Of course I was juvenile in expecting such a thing to actually take place, and I blame Hollywood. For two reasons: One, there isn’t a single movie scene with mistletoe in it that does not involve people passionately, passively, or even reluctantly kissing under it. Whatever the back-story, they end up kissing because of that mistletoe. And two, I just think it’s been a while since we’ve blamed Hollywood for something.
The only plant-provoked kissing I’ve ever participated in was in 1979. I was 8 years old and not savvy to the rules surrounding mistletoe; however, I had heard rumors surrounding the effects of red roses on the women folk. And I happen to have one I fancied: My neighbor and sometimes babysitter, Christy Stovall. Christy was what is sometimes scientifically referred to as babe-o-licious.
Undeterred by the fact that she was 10 years older than me, I remember playing in my backyard that fateful afternoon and noticing my mom’s rose-garden.

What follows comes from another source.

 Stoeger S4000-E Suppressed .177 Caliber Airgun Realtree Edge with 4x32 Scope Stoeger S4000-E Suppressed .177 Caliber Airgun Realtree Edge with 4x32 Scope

Beautiful red roses for the taking. And I remember the thoughts coming together as if I were solving a great mystery, putting together a delightful emotional puzzle.
I looked over at my younger brother, Justin. “I bet if I give a rose to Christy Stovall, she’ll kiss me.”
“Why would you want her to do THAT?” he asked.
I asked my mom if I could cut one of her roses to give to somebody.
“Okay,” she agreed. “Who do you want to give it to? Your teacher?”
Was she kidding? Mrs. Colunga? Clearly my mom had not spent enough time volunteering in my third-grade class and standing next to Mrs. Colunga, who looked as happy as Droopy the Dog and barely had the restraint to not smoke directly in front of the students. I wouldn’t kiss her at gun point, much less under mistletoe; and certainly not by my own initiation with roses.
“Oh, I’ll find somebody.” And that somebody was a tall brunette with Jordache jeans and a voice that put butterflies in my stomach. Somebody who went by the name of Christy.
I took my rose and crossed the street to the Stovall house. My little 8-year old heart was thumping, but I felt pretty confident in my scheme. I knocked. Christy opened the door herself, and I silently handed over my rose to her. She reached out and took it; brought it up to her nose and inhaled it.
“Is this for me?” she asked.
I just nodded my head.
“Oh, you are so sweet!” she gushed, and then bent all the way down and softly kissed me on my left cheek. “Thank you so much; it’s beautiful.”
With a silly grin on my face, I shrugged my shoulders and turned to walk home, kind of shuffling my feet in an awe-shucks manner.
I could not believe I had pulled it off. I could not believe I conceived the idea, put the dominoes in order, knocked over that first one, and then watched everything magically come to fruition. It was genius. I was a quixotic mastermind! I had powers some men dare not dream of!
I like to think that since that day I have used my powers strictly for good. I’d like to think that; but Hollywood has really blurred the lines for me on what is “good” and what is “bad.” That Hollywood. They just go around making a mess of everything.